In spite of the close, if somewhat
formal, friendship between Jay and Hamilton, the latter
was often momentarily depressed by the resemblance
of this flawless character to, and its rigid contrasts
from, his dead friend Laurens. Jay was all that
Laurens had passionately wished to be, and apparently
without effort; for nature had not balanced him with
a redeeming vice, consequently with no power to inspire
hate or love. Had he been a degree greater, a
trifle more ambitious, or had circumstances isolated
him in politics, he would have been an even lonelier
and loftier figure than Washington, for our Chief
had one or two redeeming humanities; as it was, he
stood to a few as a character so perfect that they
marvelled, while they deplored his lack of personal
influence. But his intellect is in the rank which
stands just beneath that of the men of genius revealed
by history, and he hangs like a silver star of the
tropics upon the sometimes dubious fields of our ancestral
heavens. Nevertheless, he frequently inspired
Hamilton with so poignant a longing for Laurens that
our impetuous hero was tempted to wish for an exchange
of fates.
“In the millennium we will all
tell the truth and hate each other,” answered
Hamilton. “And we either shall all be fools,
or those irritants will be extinct; in any case we
shall be happy, particularly if we have someone to
hate.”
“Ah, now you jest,” said
Duane, smiling. “For you are logical or
nothing. You may be happy when on the warpath,
but the rest of us are not. And you are the last
man to be happy in a millennium by yourself.”
They all laughed at this sally, for
Hamilton was seldom silent. He answered lightly:—
“Someone to fight. Someone
to love. Three warm friends. Three hot enemies.
A sufficiency of delicate food and wine. A West
Indian swimming-bath. Someone to talk to.
Someone to make love to. War. Politics.
Books. Song. Children. Woman. A
religion. There you have the essence of the millennium,
embroider it as you may.”
“And scenery,” added Jay, devoutly.
The road for the last quarter of an
hour had led up a steep hill, above which other hills
piled without an opening; and below lay the Hudson.
As they paused upon the bare cone of the elevation,
the river looked like a chain of Adirondack lakes,
with dense and upright forests rising tier beyond
tier until lost in the blue haze of the Catskills.

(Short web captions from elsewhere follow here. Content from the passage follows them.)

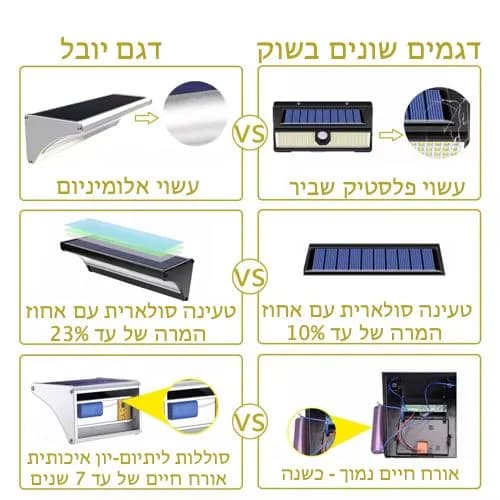 פנס חומה סולארי עשוי אלומיניום עם חיישן תנועה בגוון לבן קר דגם יובל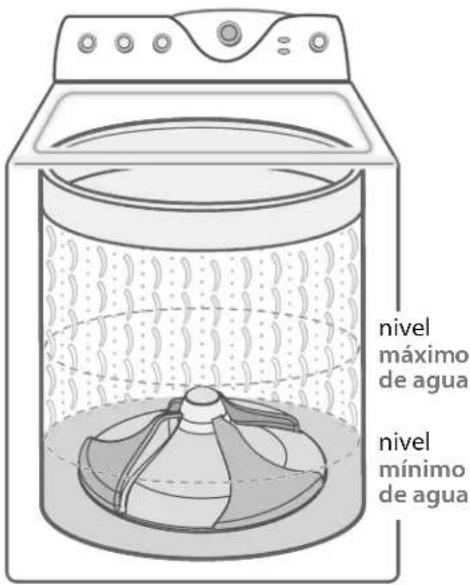 nivel máximo de agua nivel mínimo de agua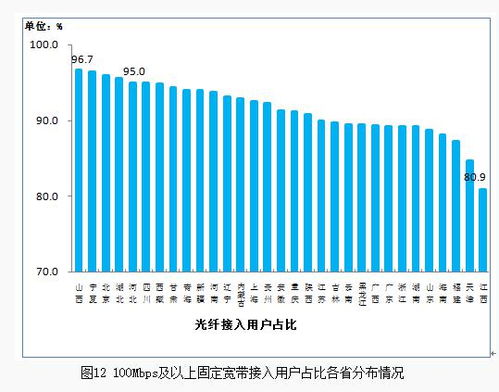 寬帶免費(fèi)提速背后 第二類(lèi)增值電信業(yè)務(wù)的潛在風(fēng)險(xiǎn)與注意事項(xiàng)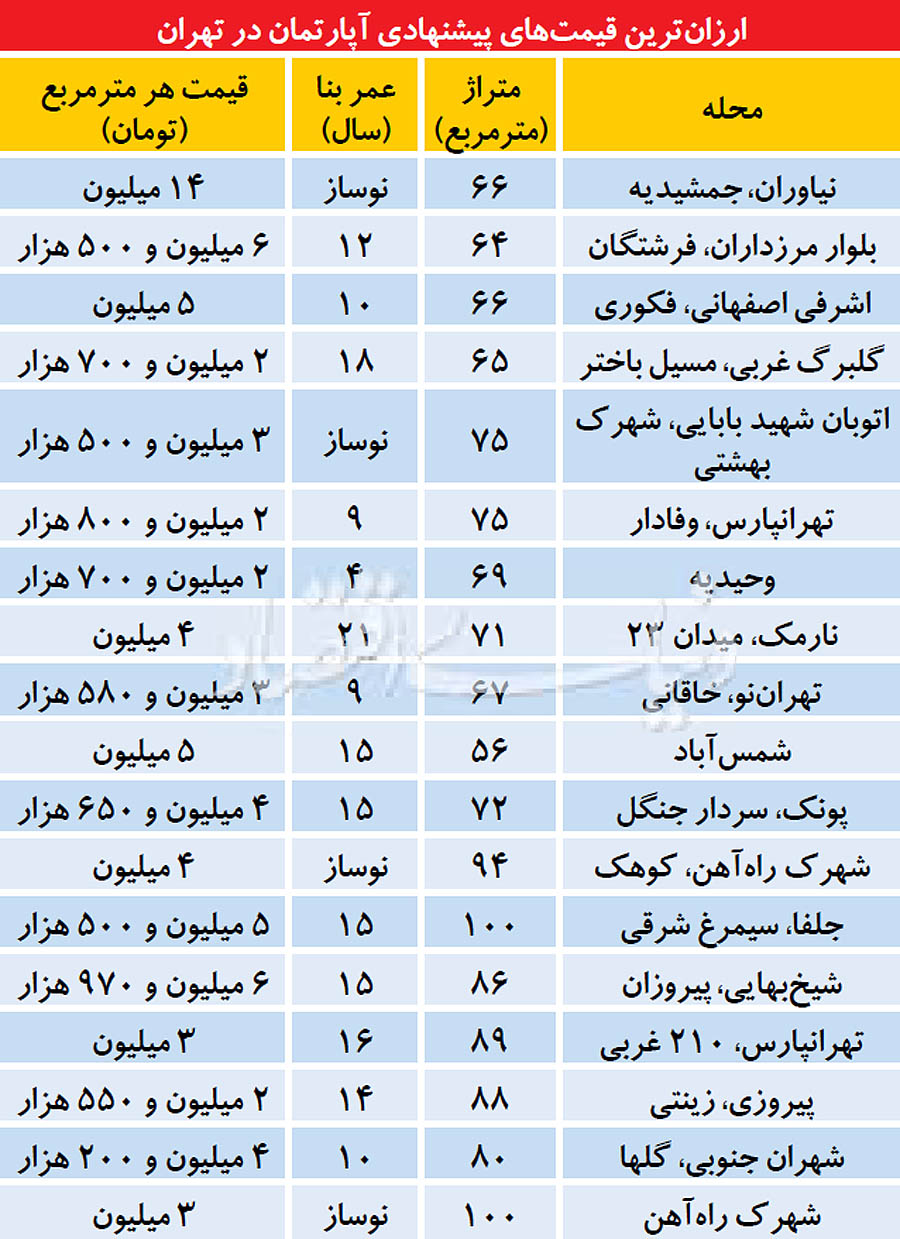 ارزان‌ترین‌های بازار املاک تهران در هفته اخیر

The mountains looked as if they had pushed out from
the mainland down to the water’s edge to cross
and meet each other. So close were the opposite
crags that the travellers could see a deer leap through
the brush, the red of his coat flashing through the
gloomy depths. Below sped two packet-boats in
a stiff breeze.
“Friends or enemies?”
queried Livingston. “I wish I were with
them, for I must confess the pleasures of horse travel
for seventy-five miles must be the climax of a daily
habit to be fully appreciated. It is all very
well for Hamilton, who is on a horse twice every day;
but as I am ten years older and proportionately stiffer,
I shall leave patriotism to the rest of you for a
day or two after our arrival.”
Hamilton did not answer. He had
become conscious of the delicate yet piercing scent
of violets. Wild violets had no perfume, and it
was long past their season. He glanced eagerly
around, but without realizing what prompted a quick
stirring of his pulses. There was but one tree
on the crag, and he stood against it. Almost
mechanically his glance sought its recesses, and his
hand reached forward to something white. It was
a small handkerchief of cambric and lace. The
other men were staring at the scenery. He hastily
glanced at the initials in the corner of the scented
trifle, and wondered that he should so easily decipher
a tangled E.C.C. But he marvelled, nevertheless,
and thrust the handkerchief into his pocket.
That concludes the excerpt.